What to produce => From the data that follows, print exactly the lines starting at the one containing "Globo 15499-4H - Lampadario" and ending at the one containing "Motif Vert Asymétrique"; include both of them and nothing more.

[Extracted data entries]
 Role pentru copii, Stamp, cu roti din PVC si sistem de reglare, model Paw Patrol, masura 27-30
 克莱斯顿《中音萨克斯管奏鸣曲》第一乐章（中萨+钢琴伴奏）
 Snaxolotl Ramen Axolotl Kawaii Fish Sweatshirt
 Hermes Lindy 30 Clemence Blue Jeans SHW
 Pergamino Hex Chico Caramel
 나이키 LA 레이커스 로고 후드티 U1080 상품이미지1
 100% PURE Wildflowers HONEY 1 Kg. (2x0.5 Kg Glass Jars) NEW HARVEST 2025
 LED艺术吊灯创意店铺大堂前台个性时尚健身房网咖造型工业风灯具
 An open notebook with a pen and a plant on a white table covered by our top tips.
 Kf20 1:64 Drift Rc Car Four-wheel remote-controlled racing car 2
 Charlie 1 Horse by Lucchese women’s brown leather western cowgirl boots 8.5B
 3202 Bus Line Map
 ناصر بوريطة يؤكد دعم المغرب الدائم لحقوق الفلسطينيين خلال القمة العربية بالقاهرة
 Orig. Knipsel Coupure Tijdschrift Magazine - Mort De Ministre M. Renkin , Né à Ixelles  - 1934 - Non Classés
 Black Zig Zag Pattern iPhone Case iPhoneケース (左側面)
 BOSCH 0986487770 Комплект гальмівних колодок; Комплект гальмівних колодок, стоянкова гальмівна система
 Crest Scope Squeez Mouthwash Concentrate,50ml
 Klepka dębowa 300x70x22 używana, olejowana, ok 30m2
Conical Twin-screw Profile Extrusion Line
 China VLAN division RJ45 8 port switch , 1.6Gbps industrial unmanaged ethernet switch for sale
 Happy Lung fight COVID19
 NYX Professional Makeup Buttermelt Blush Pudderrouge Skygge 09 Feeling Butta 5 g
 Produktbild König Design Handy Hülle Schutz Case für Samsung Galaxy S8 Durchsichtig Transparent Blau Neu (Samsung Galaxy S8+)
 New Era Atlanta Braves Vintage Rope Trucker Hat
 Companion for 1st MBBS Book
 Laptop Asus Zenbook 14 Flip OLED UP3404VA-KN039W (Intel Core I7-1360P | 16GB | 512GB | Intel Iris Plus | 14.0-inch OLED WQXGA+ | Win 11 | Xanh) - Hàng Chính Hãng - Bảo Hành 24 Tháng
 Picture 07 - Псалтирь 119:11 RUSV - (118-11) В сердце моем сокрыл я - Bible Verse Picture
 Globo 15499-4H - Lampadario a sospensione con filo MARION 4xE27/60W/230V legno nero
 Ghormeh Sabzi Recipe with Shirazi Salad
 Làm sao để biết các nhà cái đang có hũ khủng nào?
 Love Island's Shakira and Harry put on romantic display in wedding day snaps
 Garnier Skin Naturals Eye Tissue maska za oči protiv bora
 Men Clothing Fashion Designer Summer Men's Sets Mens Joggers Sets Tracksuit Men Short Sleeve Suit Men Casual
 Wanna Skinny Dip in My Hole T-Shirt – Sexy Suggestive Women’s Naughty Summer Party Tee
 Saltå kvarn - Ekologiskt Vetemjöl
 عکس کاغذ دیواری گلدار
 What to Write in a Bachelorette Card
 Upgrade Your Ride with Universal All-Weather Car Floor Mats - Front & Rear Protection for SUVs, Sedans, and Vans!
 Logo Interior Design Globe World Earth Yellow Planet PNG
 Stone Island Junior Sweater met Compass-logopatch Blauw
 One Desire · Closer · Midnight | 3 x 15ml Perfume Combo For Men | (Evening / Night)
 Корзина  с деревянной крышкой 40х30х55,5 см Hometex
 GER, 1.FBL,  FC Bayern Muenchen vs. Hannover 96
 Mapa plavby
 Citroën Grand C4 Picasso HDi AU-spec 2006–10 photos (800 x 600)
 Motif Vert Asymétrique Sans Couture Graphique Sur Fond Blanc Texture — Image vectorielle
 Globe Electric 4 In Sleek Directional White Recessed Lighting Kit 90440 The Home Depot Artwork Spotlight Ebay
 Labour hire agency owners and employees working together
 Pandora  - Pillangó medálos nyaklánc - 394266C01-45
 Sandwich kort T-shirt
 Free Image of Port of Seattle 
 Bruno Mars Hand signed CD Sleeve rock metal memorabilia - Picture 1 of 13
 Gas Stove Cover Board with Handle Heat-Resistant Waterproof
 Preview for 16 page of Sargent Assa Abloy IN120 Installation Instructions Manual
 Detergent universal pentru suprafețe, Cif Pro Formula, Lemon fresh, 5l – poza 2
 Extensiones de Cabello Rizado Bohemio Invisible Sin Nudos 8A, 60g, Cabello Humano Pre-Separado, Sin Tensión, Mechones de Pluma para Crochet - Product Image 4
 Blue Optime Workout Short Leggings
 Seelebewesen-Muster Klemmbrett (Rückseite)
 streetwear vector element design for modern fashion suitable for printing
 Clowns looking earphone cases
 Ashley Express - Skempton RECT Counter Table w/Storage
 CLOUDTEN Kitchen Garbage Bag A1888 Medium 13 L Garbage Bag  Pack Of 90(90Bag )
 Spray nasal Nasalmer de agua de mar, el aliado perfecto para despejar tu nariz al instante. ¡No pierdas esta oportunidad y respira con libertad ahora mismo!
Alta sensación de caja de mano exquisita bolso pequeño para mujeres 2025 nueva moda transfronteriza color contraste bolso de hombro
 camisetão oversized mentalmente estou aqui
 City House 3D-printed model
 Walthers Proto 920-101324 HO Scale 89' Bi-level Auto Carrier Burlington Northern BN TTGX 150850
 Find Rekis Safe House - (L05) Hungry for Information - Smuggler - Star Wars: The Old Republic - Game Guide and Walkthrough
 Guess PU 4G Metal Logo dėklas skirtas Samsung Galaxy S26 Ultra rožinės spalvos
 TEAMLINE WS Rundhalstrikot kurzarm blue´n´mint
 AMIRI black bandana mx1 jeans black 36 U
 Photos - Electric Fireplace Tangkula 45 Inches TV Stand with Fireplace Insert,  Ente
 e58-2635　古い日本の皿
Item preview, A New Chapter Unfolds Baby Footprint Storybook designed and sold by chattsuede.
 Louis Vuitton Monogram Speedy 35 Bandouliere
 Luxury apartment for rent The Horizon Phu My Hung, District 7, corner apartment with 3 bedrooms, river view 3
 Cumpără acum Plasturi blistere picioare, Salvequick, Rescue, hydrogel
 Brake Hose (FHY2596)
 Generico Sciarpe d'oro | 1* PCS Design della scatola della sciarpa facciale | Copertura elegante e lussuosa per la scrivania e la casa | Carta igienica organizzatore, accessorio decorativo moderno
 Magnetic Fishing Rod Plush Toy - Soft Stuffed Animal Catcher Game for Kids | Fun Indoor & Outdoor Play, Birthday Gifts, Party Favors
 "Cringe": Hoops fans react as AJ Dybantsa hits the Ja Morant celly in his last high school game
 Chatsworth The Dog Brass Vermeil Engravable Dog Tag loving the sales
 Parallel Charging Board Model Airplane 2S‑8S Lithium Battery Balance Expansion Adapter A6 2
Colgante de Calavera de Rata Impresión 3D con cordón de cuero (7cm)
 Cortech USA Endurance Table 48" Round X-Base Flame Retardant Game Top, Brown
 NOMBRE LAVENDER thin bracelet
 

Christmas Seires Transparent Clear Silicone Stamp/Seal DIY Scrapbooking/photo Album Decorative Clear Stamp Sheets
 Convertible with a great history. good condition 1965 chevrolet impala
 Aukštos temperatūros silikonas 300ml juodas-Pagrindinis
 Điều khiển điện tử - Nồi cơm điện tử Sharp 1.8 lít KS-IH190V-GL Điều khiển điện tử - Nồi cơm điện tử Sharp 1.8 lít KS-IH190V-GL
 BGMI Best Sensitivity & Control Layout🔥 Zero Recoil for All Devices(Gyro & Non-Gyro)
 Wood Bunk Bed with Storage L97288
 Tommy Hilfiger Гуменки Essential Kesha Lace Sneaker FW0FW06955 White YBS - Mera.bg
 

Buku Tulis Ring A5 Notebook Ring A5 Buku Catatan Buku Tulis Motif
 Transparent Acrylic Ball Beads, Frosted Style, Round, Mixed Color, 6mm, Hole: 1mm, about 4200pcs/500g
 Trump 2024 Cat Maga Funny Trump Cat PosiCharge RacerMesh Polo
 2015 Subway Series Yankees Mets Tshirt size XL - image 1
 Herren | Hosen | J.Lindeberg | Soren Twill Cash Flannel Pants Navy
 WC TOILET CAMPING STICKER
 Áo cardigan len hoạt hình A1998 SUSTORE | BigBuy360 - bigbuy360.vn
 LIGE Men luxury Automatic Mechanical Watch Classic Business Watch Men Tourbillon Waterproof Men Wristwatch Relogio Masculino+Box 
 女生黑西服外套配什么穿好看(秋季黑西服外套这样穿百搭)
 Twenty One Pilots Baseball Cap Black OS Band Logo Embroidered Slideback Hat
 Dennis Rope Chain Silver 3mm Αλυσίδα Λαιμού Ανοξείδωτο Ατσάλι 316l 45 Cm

Result =>
 Globo 15499-4H - Lampadario a sospensione con filo MARION 4xE27/60W/230V legno nero
 Ghormeh Sabzi Recipe with Shirazi Salad
 Làm sao để biết các nhà cái đang có hũ khủng nào?
 Love Island's Shakira and Harry put on romantic display in wedding day snaps
 Garnier Skin Naturals Eye Tissue maska za oči protiv bora
 Men Clothing Fashion Designer Summer Men's Sets Mens Joggers Sets Tracksuit Men Short Sleeve Suit Men Casual
 Wanna Skinny Dip in My Hole T-Shirt – Sexy Suggestive Women’s Naughty Summer Party Tee
 Saltå kvarn - Ekologiskt Vetemjöl
 عکس کاغذ دیواری گلدار
 What to Write in a Bachelorette Card
 Upgrade Your Ride with Universal All-Weather Car Floor Mats - Front & Rear Protection for SUVs, Sedans, and Vans!
 Logo Interior Design Globe World Earth Yellow Planet PNG
 Stone Island Junior Sweater met Compass-logopatch Blauw
 One Desire · Closer · Midnight | 3 x 15ml Perfume Combo For Men | (Evening / Night)
 Корзина  с деревянной крышкой 40х30х55,5 см Hometex
 GER, 1.FBL,  FC Bayern Muenchen vs. Hannover 96
 Mapa plavby
 Citroën Grand C4 Picasso HDi AU-spec 2006–10 photos (800 x 600)
 Motif Vert Asymétrique Sans Couture Graphique Sur Fond Blanc Texture — Image vectorielle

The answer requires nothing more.